D. Peranan pembelajar. Dalam metode ini,
guru berperan sentral dan aktif, gurulah yang mendominasi pembelajaran. Dalam
metode ini guru mengarahkan dan mengendalikan perilaku bahasa dari para
siswanya. Dia juga bertanggung jawab untuk memberikan suatu model yang baik
bagi siswanya untuk ditiru.
E. Peranan pengajar. Siswa mengikuti
pengarahan guru dan menanggapi dengan seteliti dan secepat mungkin setiap
stimulus yang diberikan guru.
F. Peranan bahan ajar. Materi
pembelajaran dalam Metode Audiolingual berperan membantu guru untuk
mengembangkan penguasaan pelajar terhadap bahasa asing. Buku teks untuk siswa
(kitab al-thullab/student’s text book) sering tidak digunakan pada tahap-tahap
dasar pembelajaran di mana para siswa lebih banyak berlatih mendengar,
mengulangi, dan menjawab.
Prosedur dan Teknik Metode Audiolingual
Proses pembelajaran Metode
Audiolingual melibatkan banyak kegiatan latihan lisan. Fokus pembelajaran
adalah kemampuan berbicara secara akurat dan spontan; hanya ada sedikit
penjelasan yang terkait dengan tatabahasa atau tentang bahasa. Dalam suatu
kelas khas audiolingual, prosedur-prosedur berikut akan biasa teramati:
1.
Pertama-tama para siswa mendengar sebuah model
dialog (baik dari guru atau rekaman) yang berisi struktur-struktur kunci yang
menjadi fokus pelajaran. Mereka mengulangi setiap kalimat dalam dialog, secara
klasikal dan individual.
2.
Dialog disesuaikan dengan minat atau situasi
siswa, melalui pengubahan kata-kata kunci atau ungkapan-ungkapan tertentu.

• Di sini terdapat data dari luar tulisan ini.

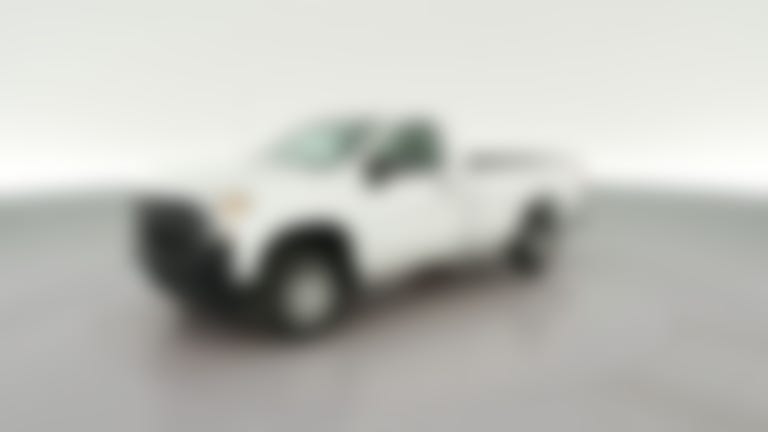 2020 Chevrolet Silverado 1500 Regular Cab vehicle photo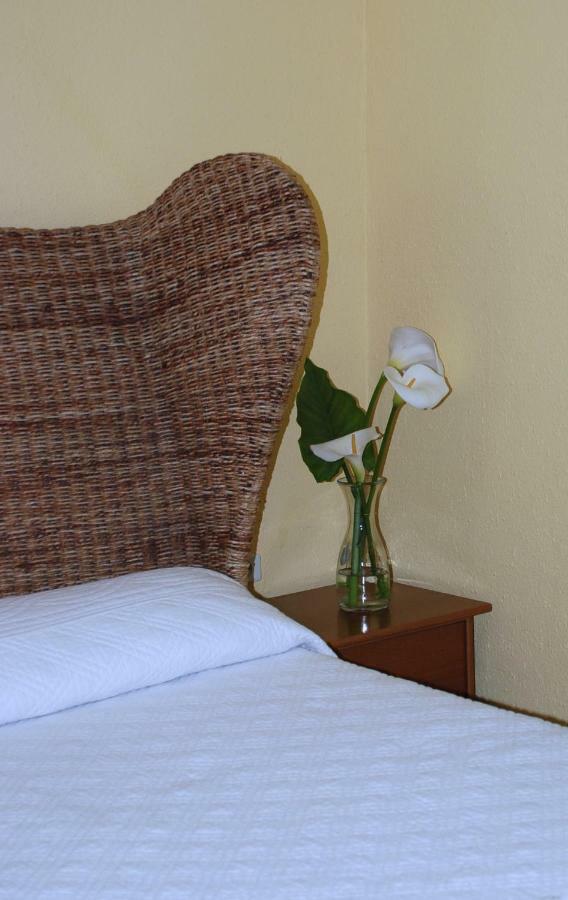 Hostal Zaragoza Hondarribia Buitenkant foto
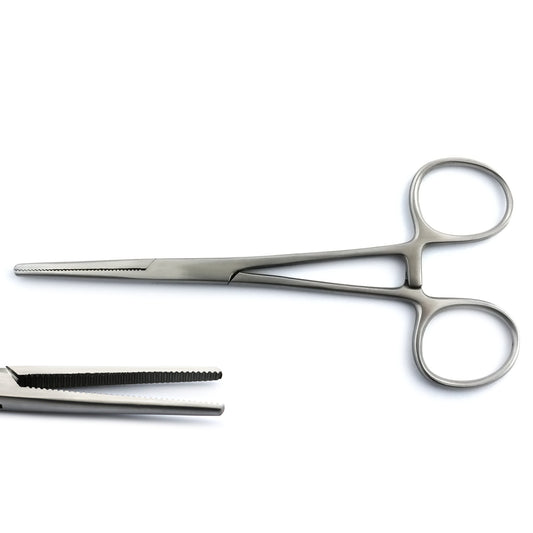 Rochester-Pean Hemostatic zange Straight 14cm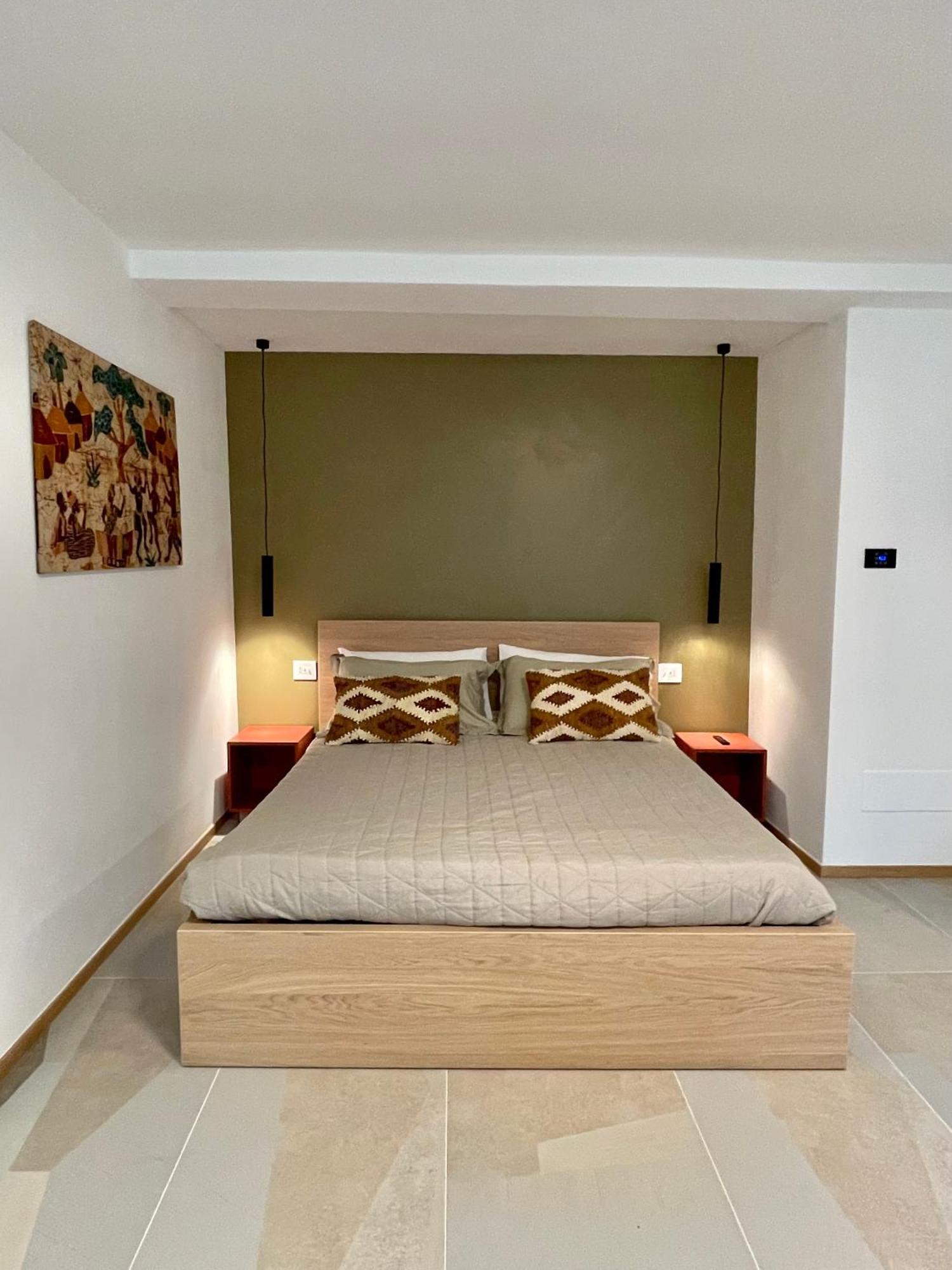 Deluxe Tweepersoonskamer met Extra Bed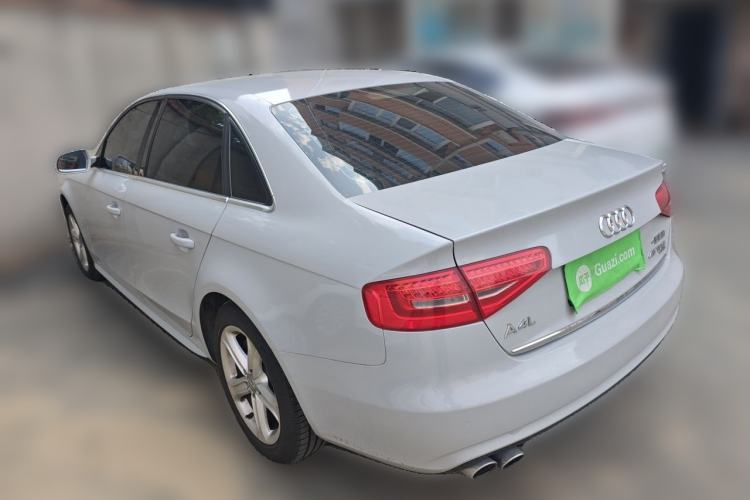 Used Audi A4L 2015 45 TFSI quattro Individual Sport Edition Rear Left 45 Deg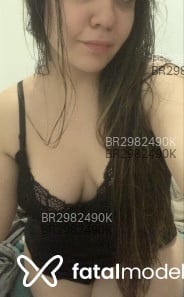 Acompanhante Laura - Perfil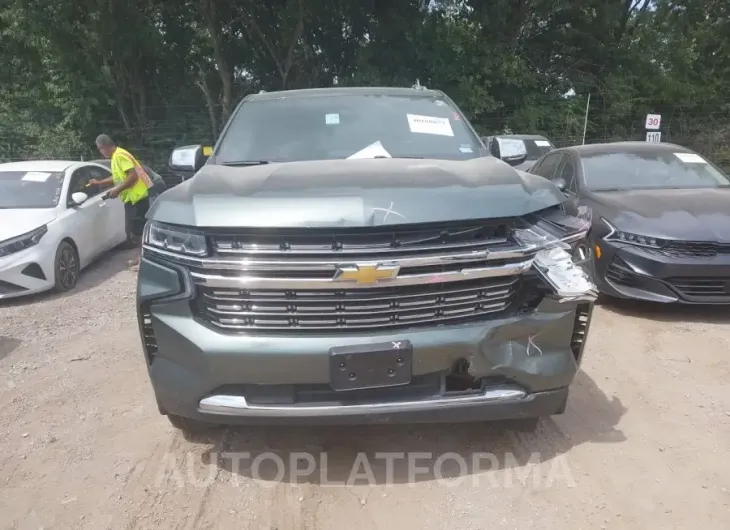 CHEVROLET SUBURBAN 2023 vin 1GNSKFKD2PR181315 from auto auction Iaai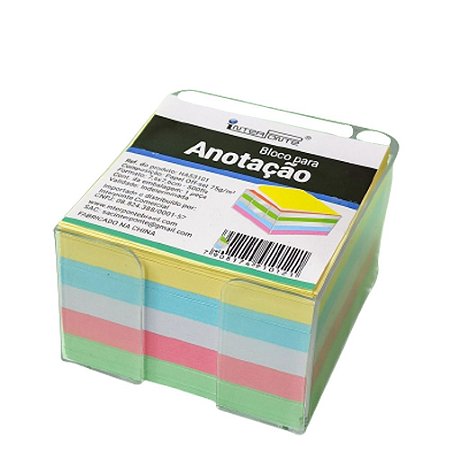 Bloco de Notas HA53101 - Interponte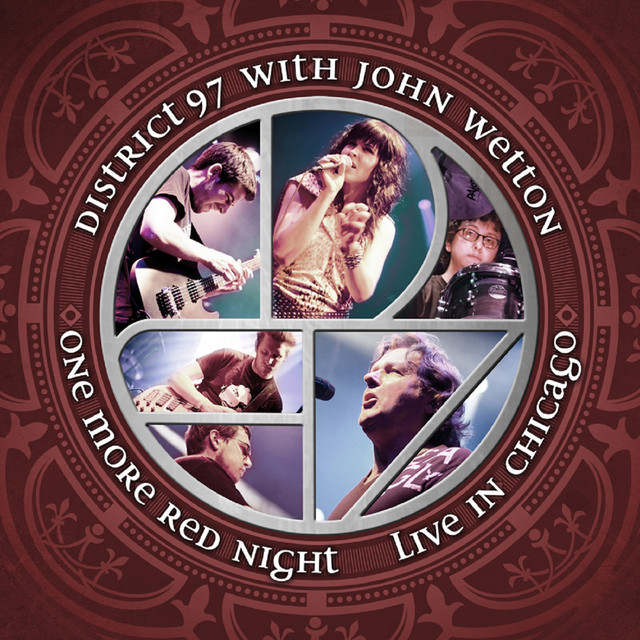 One More Red Night cover art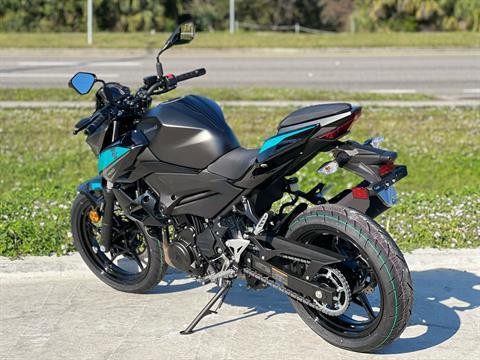 2023 Kawasaki Z400 ABS in Orlando, Florida - Photo 11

Kegiatan ini dilakukan oleh para siswa.
3.
Struktur-struktur kunci tertentu dari dialog
dipilih dan digunakan sebagai dasar untuk latihan pola dengan berbagai
jenisnya. Dril ini pertama-tama dipraktekkan secara bersama-sama lalu secara
individual. Beberapa penjelasan tatabahasa bisa ditawarkan pada tahap ini,
tetapi ia tetap diberikan dalam batasan minimal.
4.
Para siswa bias mengacu kepada buku teks mereka.
5.
Kegiatan tindak lanjut bisa berlangsung dalam
laboratorium bahasa, di mana dialog lebih lanjut dan kegiatan dril
dilaksanakan. (Richard dan Rodger, 2003: 64-65)

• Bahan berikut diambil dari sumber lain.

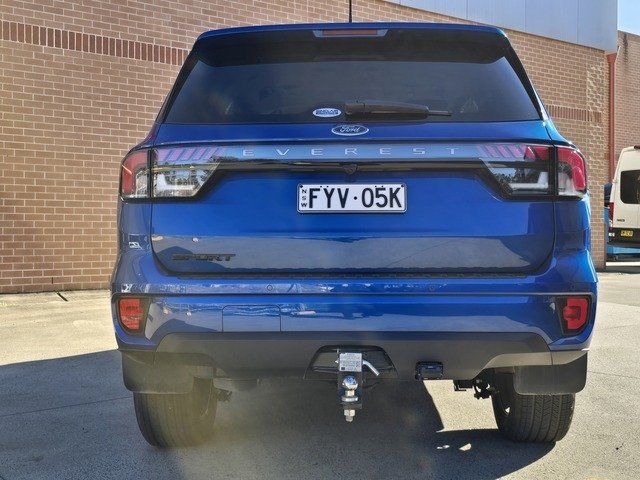 2025 Ford Everest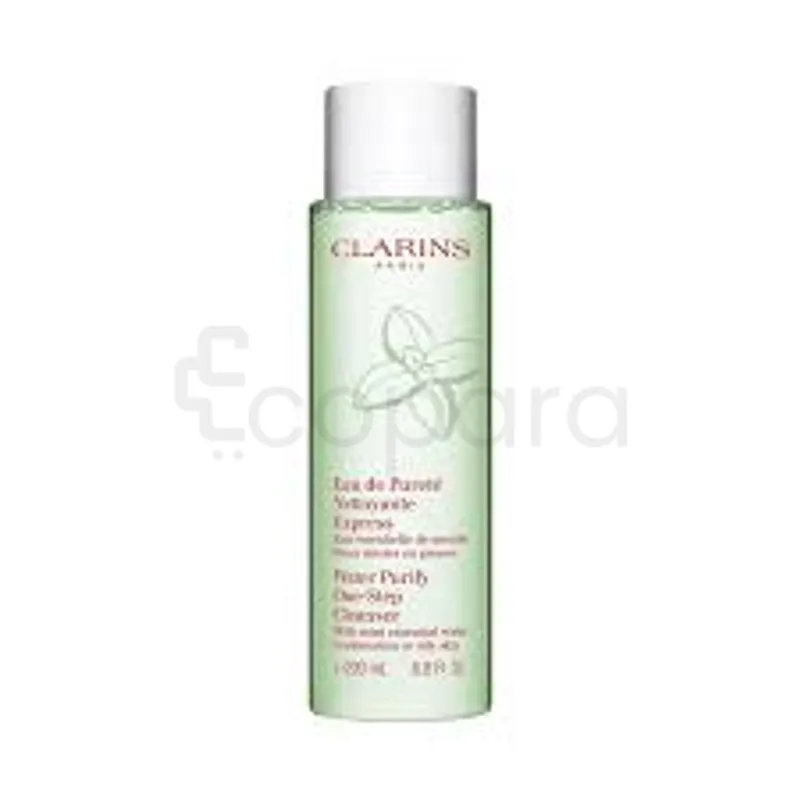 CLARINS EAU DE PURETE NETTOYANTE EXPRESS PEAUX MIXTES OU GRASSES 200ML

Kekuatan dan Kelemahan Metode
Audiolingual Kekuatan Kekuatan-kekuatan Metode Audiolingual ini, antara lain:
1)
Para pelajar mempunyai pelafalan yang bagus.
2)
Para pelajar terampil membuat pola-pola kalimat
yang sudah didrilkan.
3)
Pelajar dapat melakukan komunikasi lisan dengan
baik karena latihan menyimak dan berbicara yang intensif.
Kelemahan Kelemahan-kelemahan
Metode Audiolingual ini, antara lain:
1)
Para pelajar cenderung untuk memberi respon
secara serentak dan secara mekanistis seperti membeo (babgai), mereka sering
tidak mengetahui atau tidak memikirkan makna ujaran yang diucapkan.
Pengulangan-pengulangan stimulus-respon yang mekanistis seringkali membosankan
serta menghambat penyimpulan kaidah-kaidah kebahasaan
2)
Kurang memperhatikan ujaran/tuturan spontan,
pelajar bisa berkomunikasi dengan lancar hanya apabila kalimat yang digunakan
telah dilatihkan sebelumnya di dalam kelas.
3)
Makna kalimat yang diajarkan biasanya terlepas
dari konteks, sehingga pelajar hanya memahami sate rnakna, padahal suatu
kalimat atau ungkapan bisa mempunyai beberapa makna tergantung konteksnya.